#### What is required
When the line with "Pnina Tornai Shows 2013 Collection" turns up below, begin repeating exactly, and carry on through the line with "UA Unstoppable Jacket LC"; no pictures go into the copy.

#### Given data
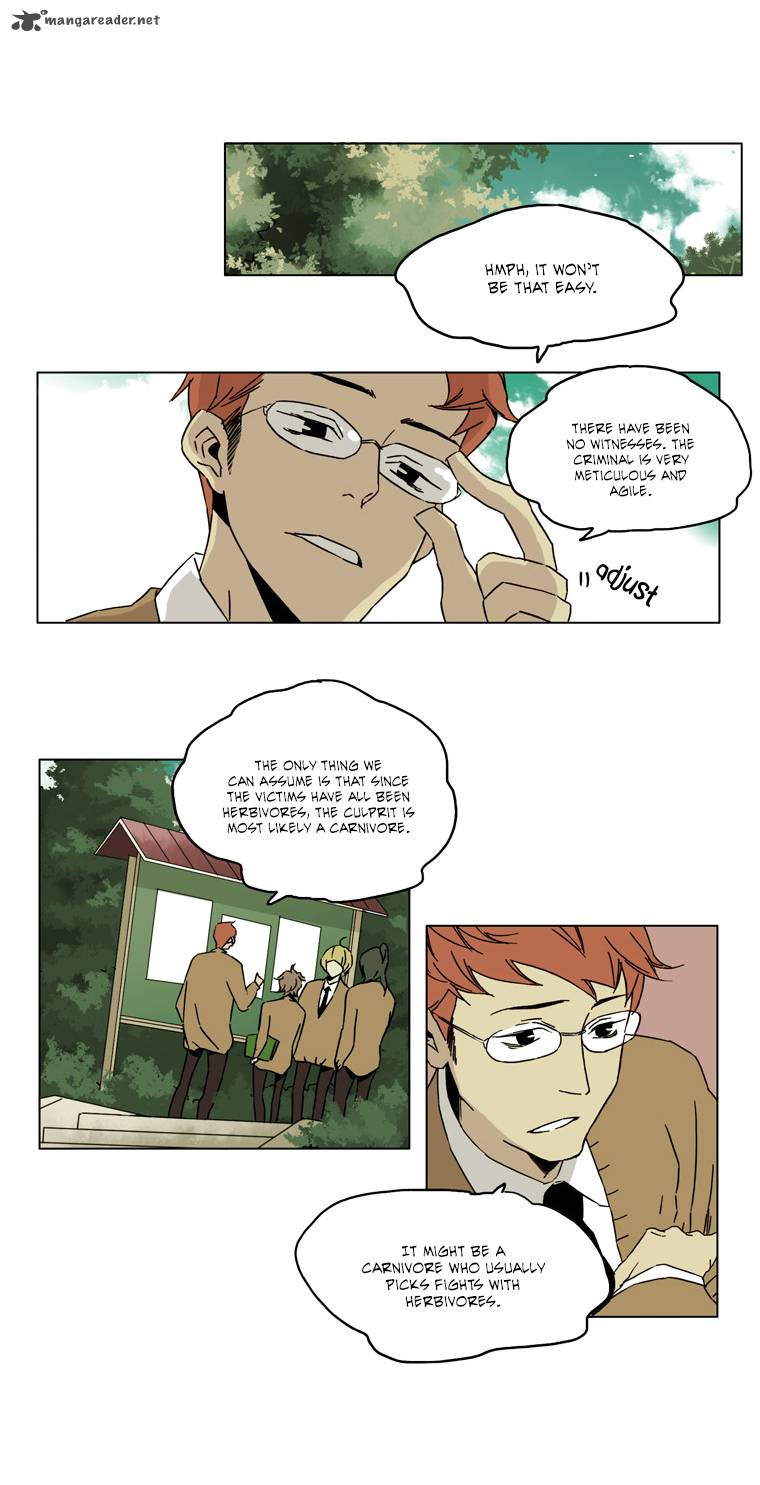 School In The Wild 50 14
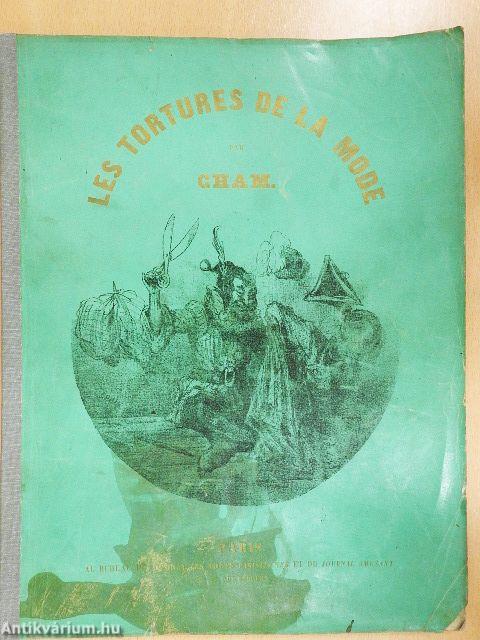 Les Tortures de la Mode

...

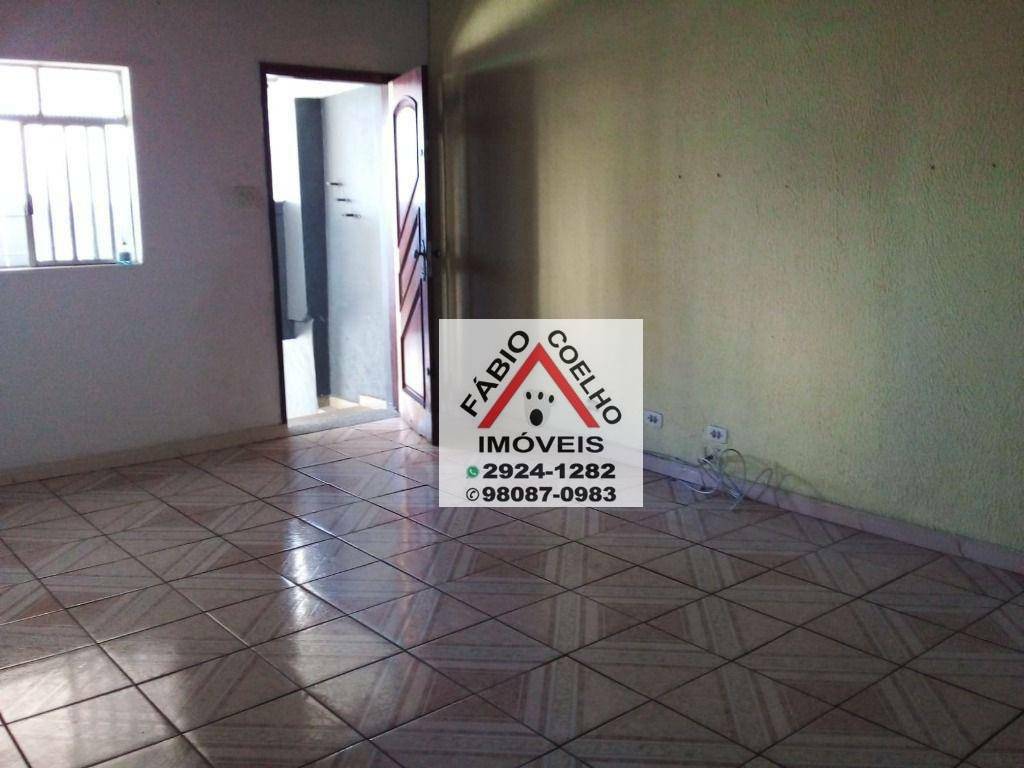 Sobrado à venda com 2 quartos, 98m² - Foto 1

--

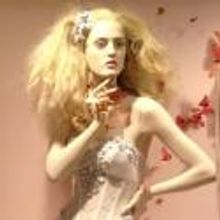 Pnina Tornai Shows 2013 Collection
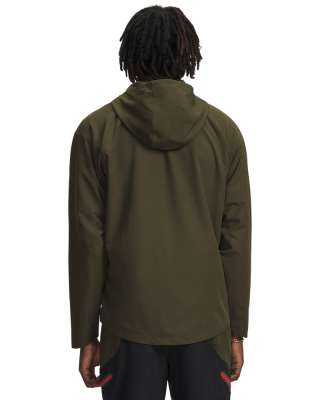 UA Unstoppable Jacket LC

#### Answer to this problem
 Pnina Tornai Shows 2013 Collection
 UA Unstoppable Jacket LC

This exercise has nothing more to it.